With technology advancing as quickly as it is these days, it can sometimes be hard to keep up. New phones, apps, software, and social media seem to pop up every day. Even though this constant stream of innovation is intended to make all of our lives easier, new technology can also present unprecedented challenges to individuals and organizations. The public sector is no exception to this rule.

In the 21st century, public servants are under more pressure than ever before to adapt to changing times and technology. Marvin Pichla, owner of and creative advisor for the public sector consultancy service Inspiring Innovations, wants to help feds adapt to the increasing number of “change-challenges.”

In an interview with Chris Dorobek on the DorobekINSIDER program, Pichla discussed his recent article, which outlined the three biggest change challenges public servants face in the 21st century and the steps government leaders can take to help them tackle these challenges.

Complex Problems, Simple Solutions

“Change-challenges” are those issues brought up by new technologies, demands, or social changes that put unmitigated strain on the federal government’s traditional structure. According to Pichla, most of these modern challenges do not yet have a track record of good solutions in the public sector. While public servants at all levels of government face a number of change-challenges, Pichla identified three problems virtually all public servants face in the 21st century.

1. Communication overload

With the Internet, smartphones and social media, the public has virtually instant access to information, sometimes before the government does. Digital platforms allow the public to access videos, images, and other information before even the news systems get a hold of it. The instantaneous nature of communication presents a whole series of communication challenges to government leaders.

Traditional government frameworks often take more time to both relay and respond to new information than what’s viable in the digital age. Addressing communication overload won’t be easy for any agency. However, Pichla argued that the overwhelming amount of information, “…allows public workers the opportunity to be creative in their solutions.”

To facilitate quicker communication and overall responsiveness to the public, government leaders must adjust two structural problems: stringent hierarchies and information silos.

2. Strict organizational hierarchy

Traditionally, government agencies at every level have a strict hierarchy of leadership with separate, distinct roles. However, Pichla argued that strict hierarchies often lead workers to adopt a “that’s not my job” mentality. Stringent organizational structures give people “decision-making hiding places” to avoid responsibility, he said.

This diffusion of responsibility is detrimental to an agency’s responsiveness to fluctuating situations. So what can government leaders do? Pichla contended that managers should create a “structure that blends the decision-making opportunity and responsibility into everyone’s position.” Infusing leadership would lend people the ability to keep the system moving when things don’t go as planned, fostering government agencies’ overall agility. The more agile the government is, the easier it will be to respond to the public’s demands in a much faster and smarter way.

3. Intergovernmental cooperation (or lack thereof) 

Information silos make it difficult for public servant to work between two federal agencies, and even more difficult to go between a federal and state or local agency. Hierarchical divisions among the different levels of government make intergovernmental cooperation a strenuous endeavor for public workers to undertake.

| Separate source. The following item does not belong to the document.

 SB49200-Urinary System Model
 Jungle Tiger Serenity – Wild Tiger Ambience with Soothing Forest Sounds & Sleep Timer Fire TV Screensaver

According to Pichla, resource blending among agencies at every level of government would facilitate information sharing and cooperation. “If you approached [collaboration] in a joint-venture mode, having cooperative ownership among different units government,” you would avoid the “I can do it better myself” mentality that many agencies adopt, Pichla explained. By breaking down silos between agencies and blending partnerships, government workers at every level would be able to respond to citizens’ demands more quickly and efficiently than ever before.

Lessons for the Modern Public Servant

Regardless of your position in the government hierarchy, “When people come through public doors, they look at you as a leader,” Pichla said. They don’t think about your job description; they are looking to you for solutions to their problems. As a result, each member of an agency must take on shared responsibilities, and government leaders must delegate those responsibilities more effectively.

In the 21st century, leadership is no longer found in the corner office. To meet citizens’ growing number of demands, leadership has to be everywhere and a part of everyone in government at all times. The government’s biggest challenges require creative solutions. People in power at every level need to have a “unit of creativity within their structure – not just a workshop that happens once a year,” Pichla said.

It is every leader’s responsibility to lend public servants the freedom to ask “why not?” to challenge the status quo. Government organizations should constantly be questioning what they can change to do things better. Pichla believes the more open a workplace environment is, the better the results will be. “Innovation and creativity are meant for the public sector too,” he concluded.

Tackling change-challenges may involve adopting some non-traditional partners and approaches, and the rewards may not come right away, Pichla admitted. While his solutions are simple, they aren’t easy. But neither are the change-challenges that government faces today. To respond to these challenges, public servants must adopt more innovative approaches, blending resources and infusing leadership to form a new, more agile government structure fit for the 21st century.